Chemex Brew Guide
Classical Elegance

Chemex brew guide

The CHEMEX® coffeemaker was invented in 1941 by the eccentric chemist Dr. Peter Schlumbohm. He desired not only to make brewing the perfect cup simple, but also to have the vessel be a thing of beauty. The Chemex Coffeemaker -an icon of American history- is "one of the best-designed products of modern times" and is included in the Museum of Modern Art collection in New York City.

WHAT YOU'LL NEED

Chemex carafe
Chemex filters paper
Kettle
Grinder
Fresh Coffee beans
Filtered/bottled water
Digital scale 

BREW TIME: 4–5 minutes
Grind size: Medium
Water temperature: 96 °C

Tip 1: We recommend freshly ground beans for the best flavour experience.

Tip 2: Ensure you fold the filter with the multilayers of paper facing forward. Wash the paper more than with a pour-over like Kalita or Hario V60 because the paper has multiple layers and can easily cause a papery taste. 

Tip 3: Ensure that the front pour spout is open. Otherwise, an air vacuum can be caused in the Chemex, slowing down the brew time and causing over-extraction. When available, I use a glass or stainless steel straw to ensure it is open, or check regularly and have an object that can push the paper back without tearing it.

 Tipp 4: If you like a stronger cup of coffee than suggested above, increase the amount of ground coffee. The opposite goes if you like less strong coffee. Make sure to record your results in order to duplicate them in the future.

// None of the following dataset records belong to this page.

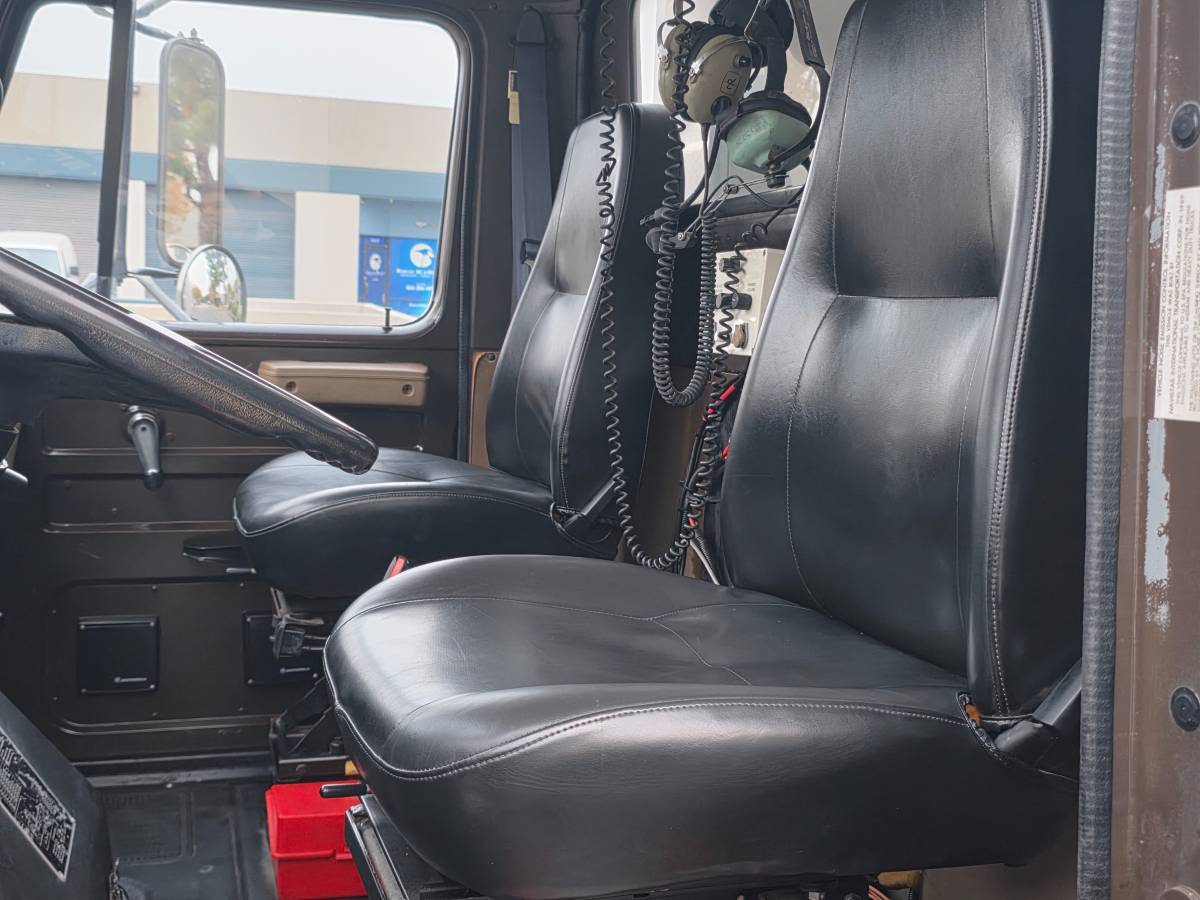 International-4900-diesel-1990-white-8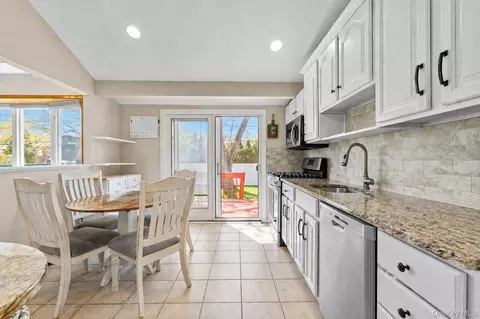 Kitchen - 61 Winthrop Rd, Plainview, NY 11803 photo 2 of 3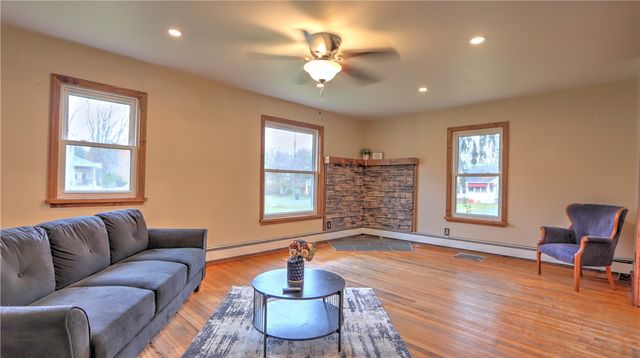 54 West Wright Avenue, Waterloo, NY 13165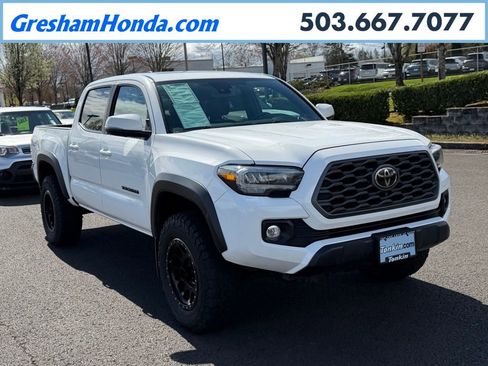 Used 2020 Toyota Tacoma TRD Off-Road w/ TRD Premium Off Road Package image 1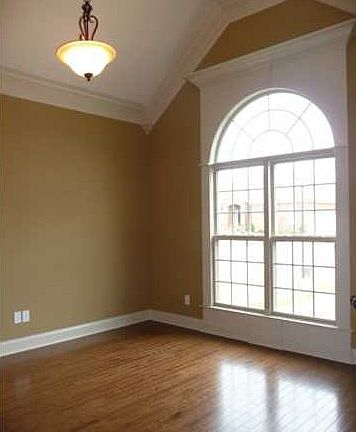 4th image of 33 Holly Park Blvd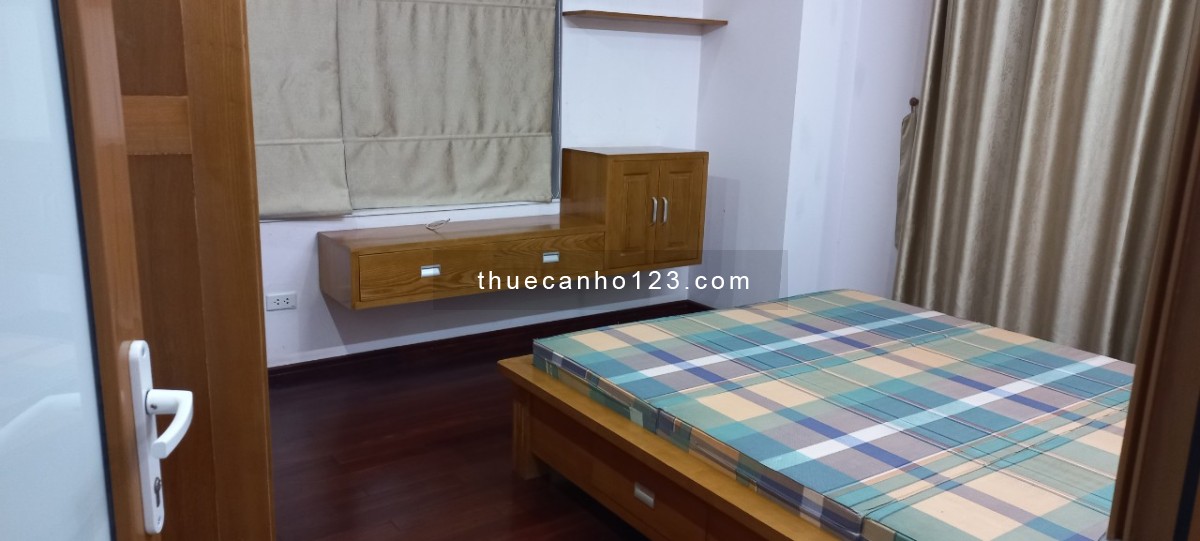 Cho thuê căn hộ 3PN full nội thất KĐT Ngoại Giao Đoàn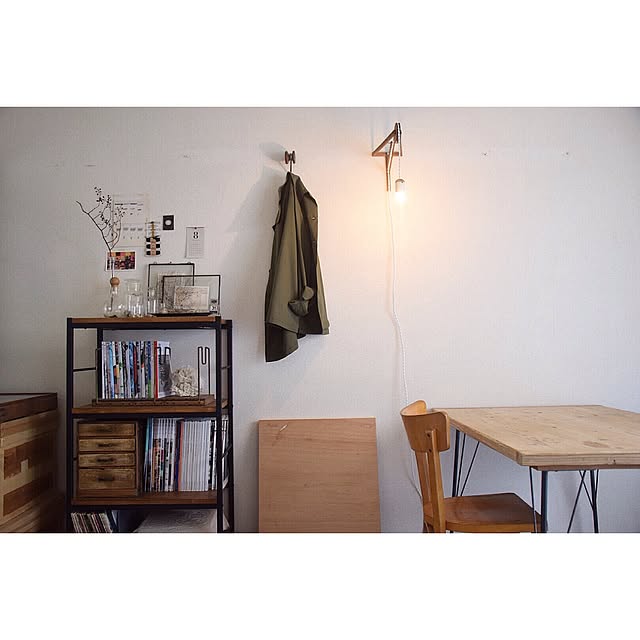 Lounge,krank/marcello,エフォートレス・スタイル,蚤の市,メンズ部屋,塩系インテリア,instagram:go_room,DIY,古道具,一人暮らし,フランスアンティーク,baumann,ウミウチワ,ピューター,ドライフラワー aman0jackの部屋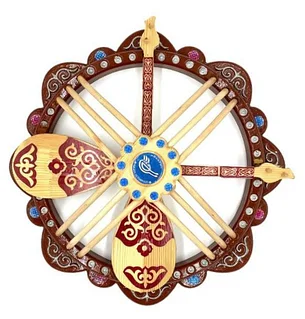 Мас балапан бұталардың арасында синады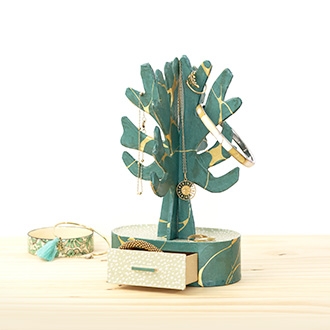 THE DECOPATCH JEWELLERY TREE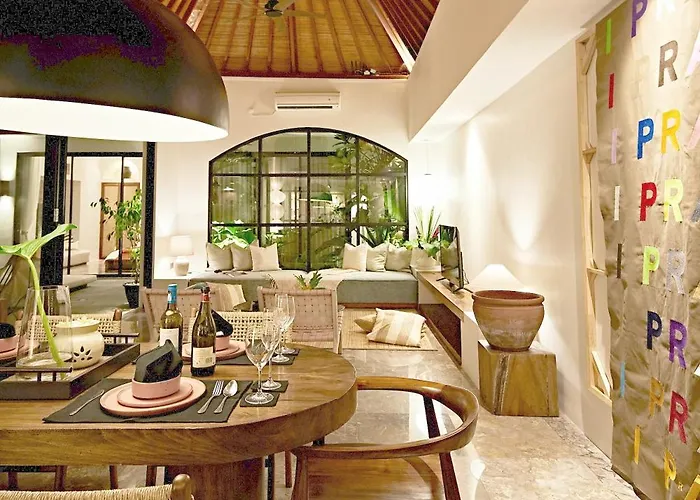 Villa Masara - 5min To - 2min To Shops & Restaurants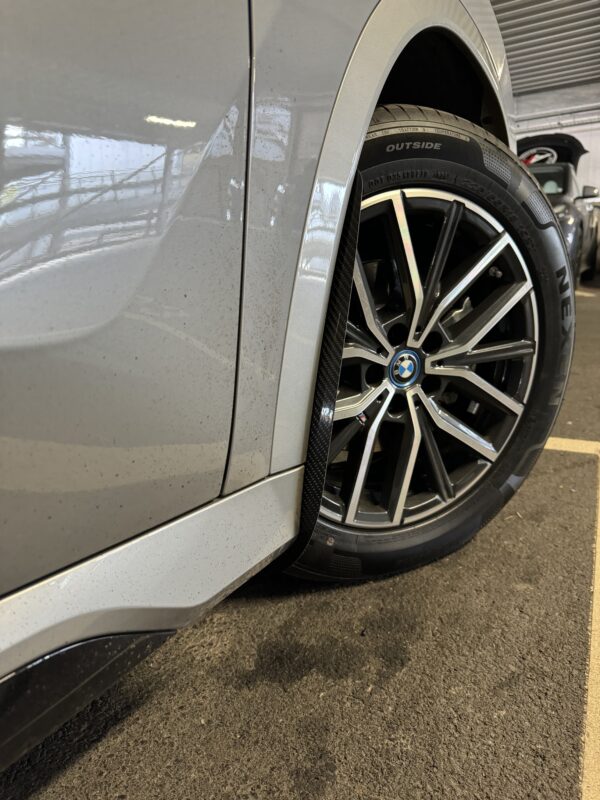AP BMW X1 | iX1 Protections de passages de roue / Bavettes de garde-boue Noir brillant / Fibre de carbone (U11 | U12)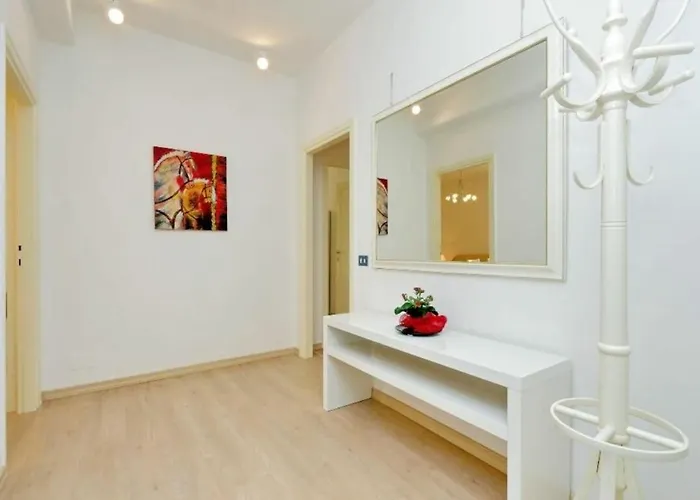 Apartment Balestra By Halldis *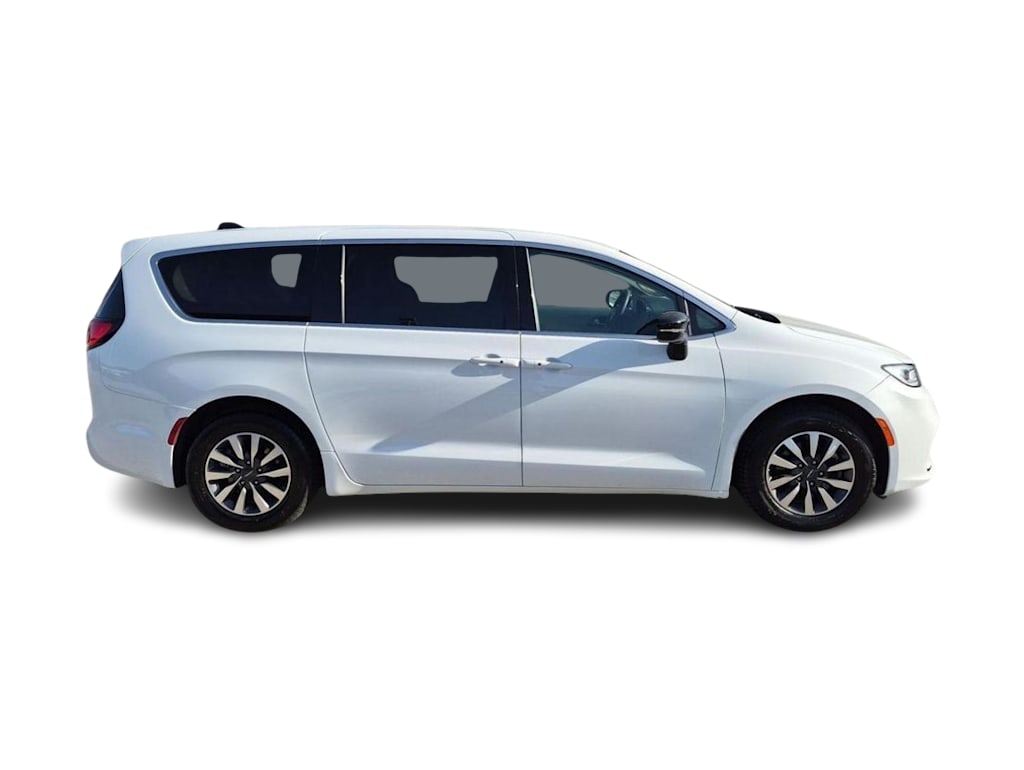 Thumbnail: 2024 Chrysler Pacifica - 19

Coffee is always about what tastes best for you. This includes the grams of ground coffee to water ratio as well as grind size. Be creative and build your home barista skills. 

STEP 1:

Boil water in the kettle of your choice, then allow it to cool to approximately 96°C, just below boiling point. We prefer using a gooseneck kettle for Chemex. Fold your filter and place it in your Chemex, ensuring that the triple-fold side faces the pour spout and lays across without obstructing it.

STEP 2:

Thoroughly saturate the filter, because it is thicker than standard drip coffee paper filters. This will also warm the glass of the Chemex. Decant the water through the pour spout.

Note: The amount of coffee and water varies depending on the type of coffee you are brewing and your preferred strength.

STEP 3:

Put your Chemex on the scale with the saturated paper filter, ensure the water is decanted, and zero the scale. We recommend you use 65g of freshly ground coffee (10 cups). Throw coffee in paper filter and shake gently to level. Zero your scale again to prepare for the pour.

Medium grind size

STEP 4: 

Bloom pour 250ml

Begin each pour in the centre, moving outwards in concentric circles and back in again, repeating the process. Be careful when
coming to the outer edge for bypass. This is when coffee flows behind the coffee through the filter paper down the glass side without passing through the coffee. Give a quick stir to ensure all grinds are completely saturated. Allow to bloom for 1 minute.

STEP 5-7 

Second pour 250ml

Pour in the same way, starting at the centre and moving outwards and allow the coffee bed to drain till you don’t see water on the surface of the coffee bed. Pour two more pours in the same fashion to end with a total brew time of around 4-5 minutes. We recommend you heat your kettle quickly after the second pour to ensure that your brew water temperature does not go below 85C.

 

STEP 8

Once the coffee bed is completely dry and the coffee has stopped dripping, give your Chemex a gentle swirl to fuse all layers of flavour. Carefully remove the paper filter and dispose of it. Enjoy your freshly brewed cup of coffee.

Tip: If your brew tastes sour, check your water temperature, because it might be too cold. It should be in the range of 90-96 °C. Also,
Sour coffee means your coffee is under-extracted. Consider grinding finer.
Bitter coffee means your coffee is over-extracted. Consider grinding coarser.